GithubHelp home page GithubHelp logo

diversebranchblock's Introduction

Diverse Branch Block: Building a Convolution as an Inception-like Unit (PyTorch) (CVPR-2021)

DBB is a powerful ConvNet building block to replace regular conv. It improves the performance without any extra inference-time costs. This repo contains the code for building DBB and converting it into a single conv. You can also get the equivalent kernel and bias in a differentiable way at any time (get_equivalent_kernel_bias in diversebranchblock.py). This may help training-based pruning or quantization.

This is the PyTorch implementation. The MegEngine version is at https://github.com/megvii-model/DiverseBranchBlock

Another nice implementation by @zjykzj. Please check here.

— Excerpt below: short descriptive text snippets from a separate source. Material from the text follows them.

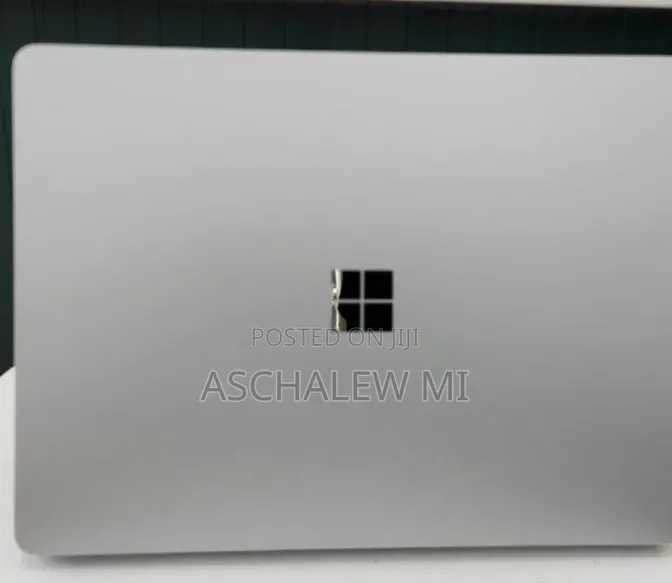 New Laptop Microsoft Surface 16GB Intel Core i7 SSD 512GB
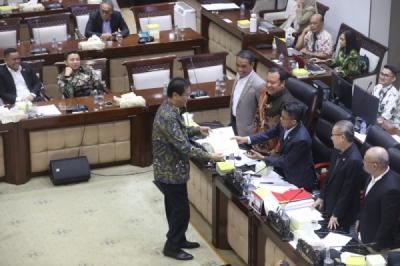 Indonesia Siap Jadi Pusat Finansial Dunia? 1 Indonesia Siap Jadi Pusat Finansial Dunia?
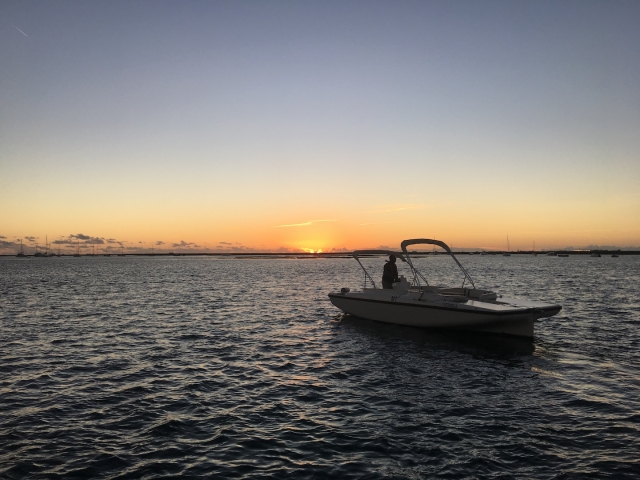  Desfrutar de um passeio de barco ao pôr do sol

Paper: https://arxiv.org/abs/2103.13425

Update: released the code for building the block, transformations and verification.

Update: a more efficient implementation of BNAndPadLayer

Update: MobileNet, ResNet-18 and ResNet-50 models released. You can download them from Google Drive or Baidu Cloud. For the 1x1-KxK branch of MobileNet, we used internal_channels = 2x input_channels for every depthwise conv. 1x also worked but the accuracy was slightly lower (72.71% v.s. 72.88%). On dense conv like ResNet, we used internal_channels = input_channels, and larger internal_channels seemed useless.

Sometimes I call it ACNet v2 because 'DBB' is two bits larger than 'ACB' in ASCII. (lol)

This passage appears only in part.